Melbourne, Australia was ranked by the Economist Intelligence Unit as the World’s most livable city since 2011

Bernd Upmeyer spoke on behalf of MONU with Ruraigh Purcell. Ruraigh spent three years running an analytical team producing city ranking lists concerned with the issue of ‘quality of life’ at ECA International, one of the leading provider of compensation data for expatriate assignments.

Bernd Upmeyer: The topic “Most Valuable Urbanism” of this MONU issue has originally been inspired by globally and annually published city ranking lists that have been produced by companies such as Mercer or the Economist Intelligence Unit. Ever since we at MONU learned about those lists, we were fascinated by the fact that somebody is actually able to rank cities and determine the world’s most liveable city. You were in charge of an analytical team producing such city ranking lists relating to the issue of ‘quality of life’ at the company ECA International. How and why do you rank cities?
Ruraigh Purcell: ECA, but also Mercer or the Economist Intelligence Unit (EIU) produce city ranking lists to assess the level of hardship for expatriates, when they are sent overseas by their governments or organization. The process behind the lists assesses the level of difficulties associated with adapting to living in the host location. We look at multiple factors which are considered important for this particular socio-economic group. Expatriates are generally well paid, well educated and they need to be sent somewhere for a reason. The assessments recognize and quantify some of the difficulties that they are going to face in meeting that transition to a new country.
But the most fundamental aspect of the city ranking list is that we don’t set out to create them; we create the assessments and the lists are a by-product of that. The lists are an interesting marketing exercise that is based on the research that comes out of the assessments.

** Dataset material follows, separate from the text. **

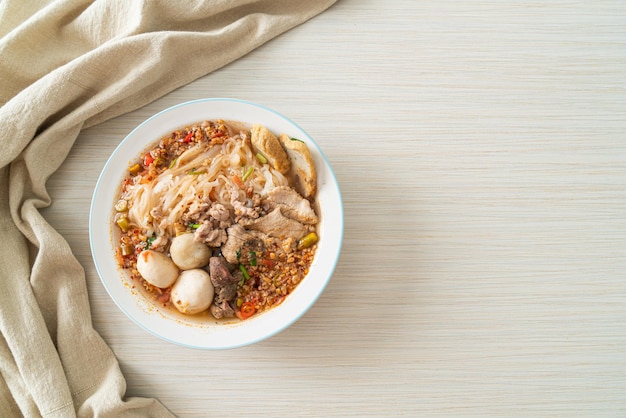 fideos con carne de cerdo y albóndigas en sopa picante o fideos Tom yum al estilo asiático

BU: So the lists are only the crumbles of the cake at the end?
RP: Absolutely. The lists are almost the inverse of the assessments. Because what we are actually looking for is: what is missing, what is really difficult to adjust to, what is uncomfortable, and what is of poor quality in a particular city. The lists show the opposite of that. They display the cities that don’t have any problems and therefore a high standard of living…

…the complete interview was published in MONU #13 on the topic of Most Valuable Urbanism on October 5, 2010.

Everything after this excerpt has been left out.